# Campsite close to Manchester



## Nickmimi (Jun 6, 2005)

Can any one recommend a camp-site close to Manchester please, i have go to Manchester on business.


----------



## jetski (Feb 18, 2007)

try burrs country park a cc site in bury


----------



## H1-GBV (Feb 28, 2006)

I was looking to work in Manchester one day in Jan - Delamere Forest (CCC) is right next door to the railway station.

However, too much worry with the weather, so I just took the train from King's Lynn and stayed in an hotel.

Gordon


----------



## jimmyd0g (Oct 22, 2009)

jetski said:


> try burrs country park a cc site in bury


Beat me to it . Although a bit too close to home for us to use as a site, we were walking in the adjacent country park a couple of weeks ago & had a nosy at the site. Large (but not over poweringly so); generally level; decent size facilities block; one pub immediately outside the site & another one about 300 yards walk away near the entrance to the country park.


----------



## dodger148 (May 9, 2005)

You could try Holly Bank CP, Warburton Bridge,nr Cadishead tel: 0161 775 2842 its a private site.
Its a straight run into Manchester (depends of course where you are going) and very easy to find if you are coming off the M6 (j21)
P135 in C&CC Big Sites Book also in other directories.
Drove past it last week and it looked reasonably busy but not full


----------



## 1302 (Apr 4, 2006)

There is a site near us in Poynton, you would have to drive to railway station (about 1 1/2 miles) and the train is direct 20 mins to man piccadilly, the car park Poynton is a decent size and free


----------



## Nickmimi (Jun 6, 2005)

many thanks for those that replied, we stayed at Holly Bank Campsite in the end. 
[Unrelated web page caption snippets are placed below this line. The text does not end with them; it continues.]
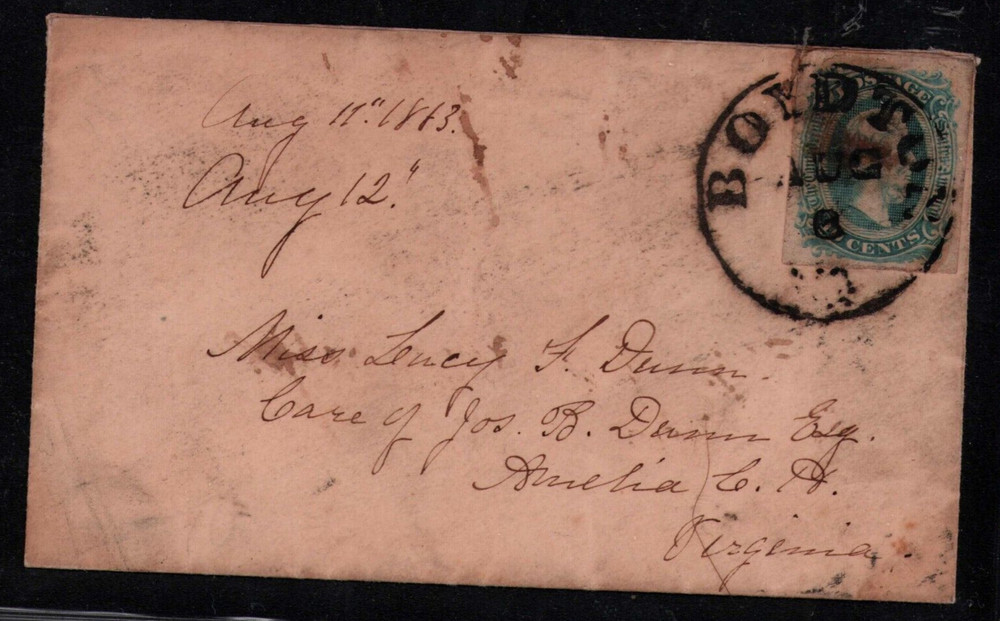 1863 CSA Petite Cover - Boydton VA to Amelia County, Virginia - SC 11 10c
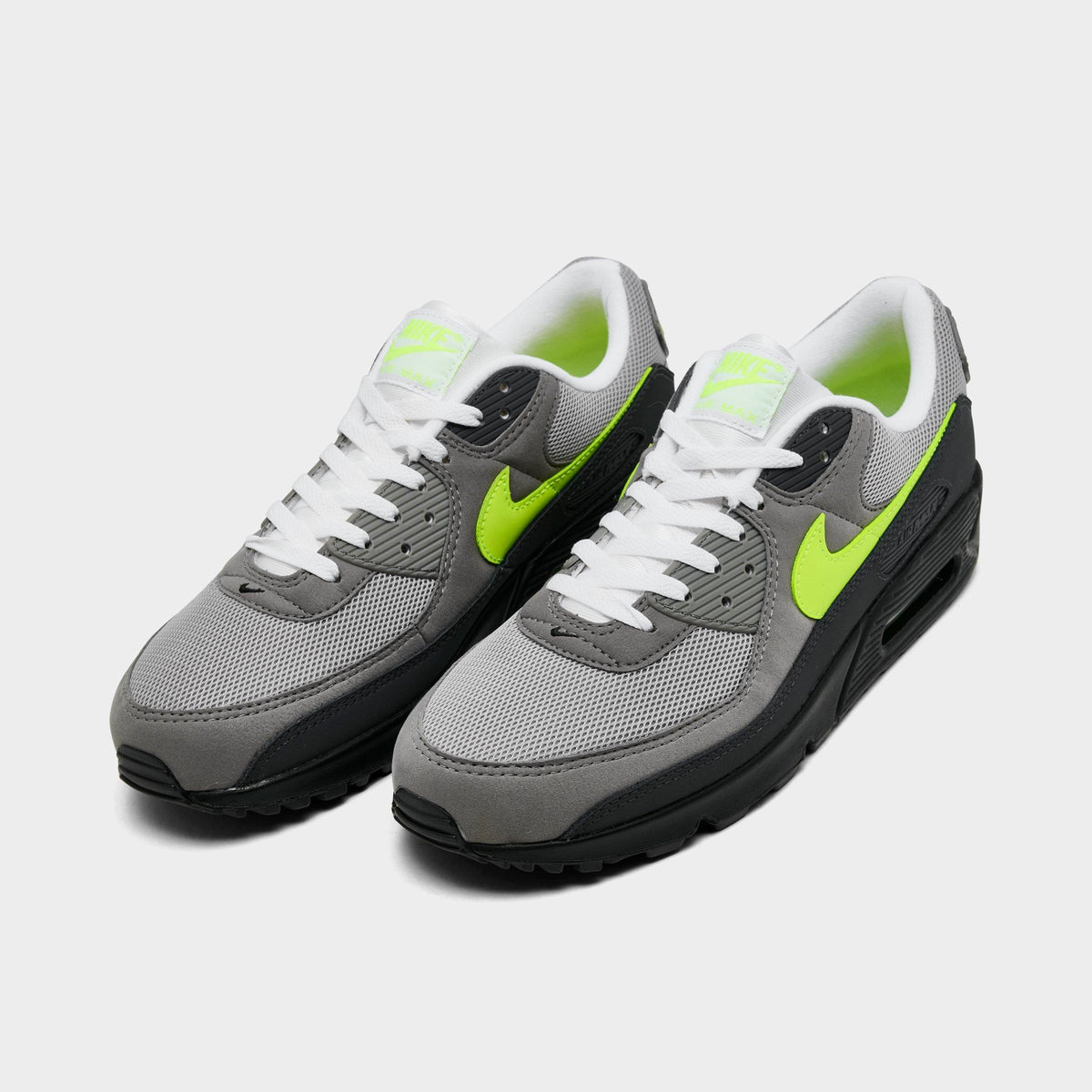 Men's Nike Air Max 90 Casual Shoes - Black/Neon Yellow/Anthracite/Light Charcoal/Pearl Grey/White - view 2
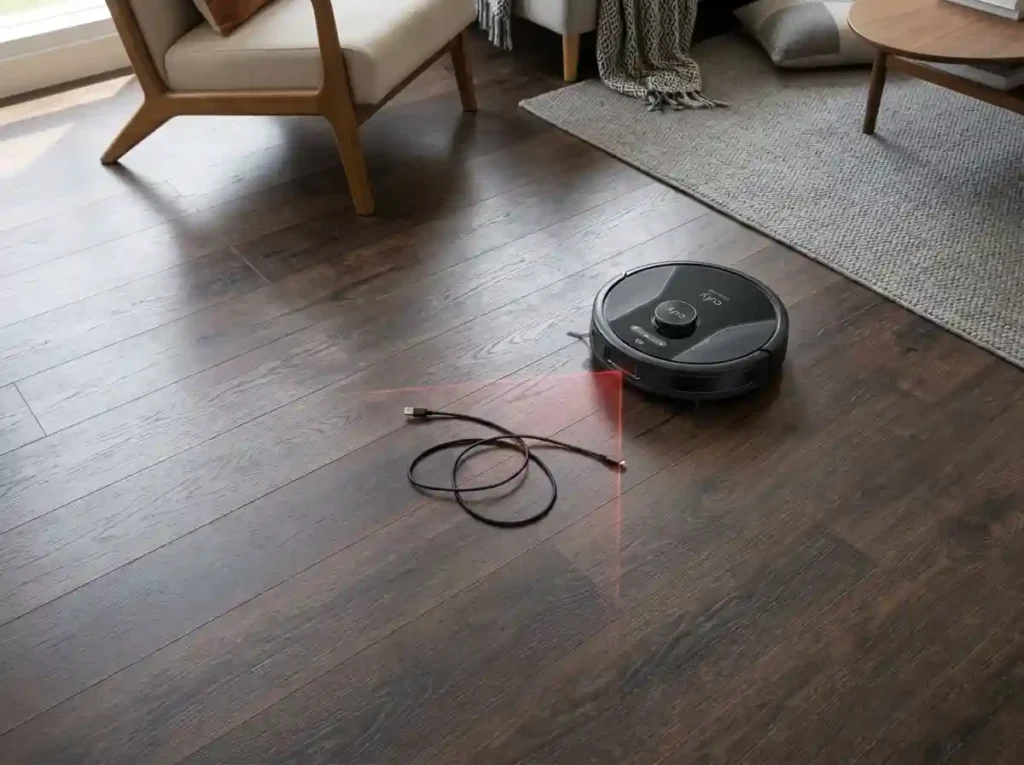 Eufy Omni C28 approaching a loose phone charging cable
I would post a review of this site but dont want to upset anyone. If you want to know what its like at Holy Bank contact me directly please

Nick & Mimi


----------



## bognormike (May 10, 2005)

why not? was it that bad?

the campsite reviews are supposed to help others in their decisions when planning a trip - if it's rubbish, tell us!


----------



## dodger148 (May 9, 2005)

I too think you should report as found and may be add the date. 

Although I suggested the site it is many years ago we used it for a couple of nights, when moving back to the N.West. 
We didnt use any of the facilities on site.
It is in a handy spot and it was on that basis I suggested the site.


----------



## gaspode (May 9, 2005)

Nickmimi said:


> I would post a review of this site but dont want to upset anyone.


I quite agree with the previous two posters, I doubt anyone would be upset if your review isn't too favourable, in fact you could save other members a good deal of trouble in the future. I see that the site has several "mixed" reviews elsewhere on the internet so you wouldn't be the first visitor to be disappointed.

If you would prefer to submit a review anonymously, PM me with the details and I'll see what I can do. :wink:


----------